See Above: Cover of prestigious journal issue illustrating a micro CT of genetically engineered mouse brain, with a brain riddled with hemorrhagic lesions, imaged by the Awad laboratory. Such model mice catalyze novel discoveries of mechanisms of vascular malformation development, and brain bleeding, and test the effect of novel therapies before their use in humans.

Clinical Translation: Developing Novel Diagnostics and Therapeutics

Intracranial hemorrhages account for approximately one sixth of all strokes, yet they result in disproportionately catastrophic outcome, accounting for half of stroke related deaths, disability and costs of care.  The great majority of hemorrhagic strokes consist of intracerebral hemorrhage (ICH) and intraventricular hemorrhage (IVH), that have been associated with case mortality rates exceeding 50% in community based studies, and case disability rates exceeding 80 %.  Unlike the more common ischemic strokes, for which significant therapeutic advances have been made through acute thrombolysis and several effective medical and surgical modalities for secondary stroke prevention, there is not currently a single proven treatment to prevent death or to alleviate the disability from ICH and IVH.  Our team has helped develop techniques of minimally invasive evacuation of IVH and ICH using thrombolytic aspiration and drainage, which hold great promise to change the clinical management of these devastating strokes. Dr Awad was the lead surgical investigator in the largest Phase III trials in this disease (www.cleariii.com and www.mistietrial.com), and has generated groundbreaking discoveries about the extent of blood evacuation needed to achieve the procedural benefit, and other surgical nuances, as well as the role of inflammatory response in this disease.

See Above: Novel treatment of cerebral hemorrhage by image guided placement of catheter for clot aspiration and lysis. Studies by the Awad team have demonstrated the threshold of blood removal necessary to effect clinical benefit. This now guides the standard of surgical therapy in this disease.
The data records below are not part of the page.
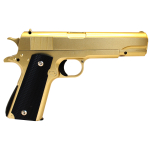 G13 Galaxy Airsoft Metal Spring Pistol - Gold - Image 3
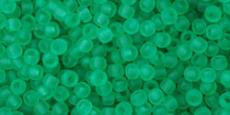 Toho 11/0 áttetsző matt beach glass green 10 g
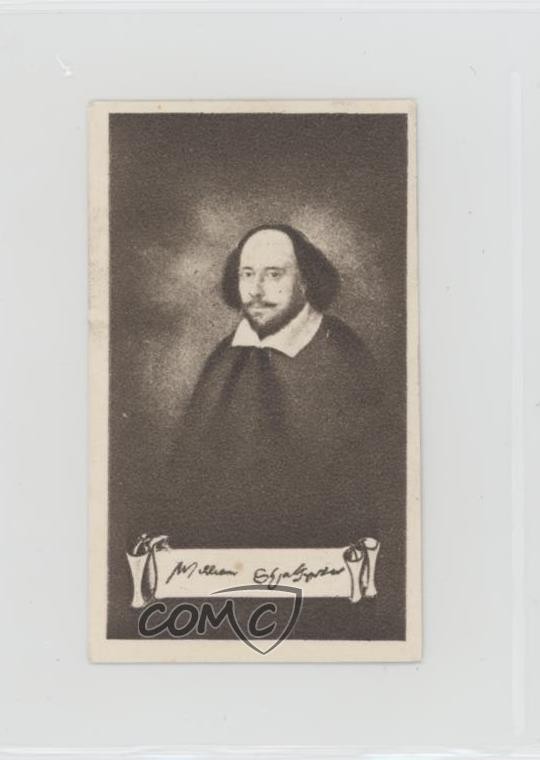 1923 Nicolas Sarony Celebrities and Their Auto Tobacco William Shakespeare 16at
Complementing the laboratory studies, novel imaging in human subjects has allowed characterization of permeability, perfusion and iron content on MRI as biomarkers of CCM disease activity. These have been developed as surrogate outcomes for Phase II trials, including currently NIH funded RhoKinase inhibition trial to prevent CCM rebleeding (AT CASH EPOC clinicaltrials.gov NCT02603328) and multisite trial readiness initiatives validating these biomarkers. A more recent research thrust has focused on developing blood tests using weighted combinations of key molecules identified in our laboratory, which help diagnose, monitor and even predict brain hemorrhage. Advanced statistical methods are being developed to optimize these novel smart blood tests. These tests are undergoing validations in funded NIH research, and are being developed for ultimate clinical use.

Awad oversees a team including a senior clinical research manager, a trial nurse, imaging scientists, statisticians and several predoctoral and postdoctoral trainees who oversee these clinical biomarker studies and trials.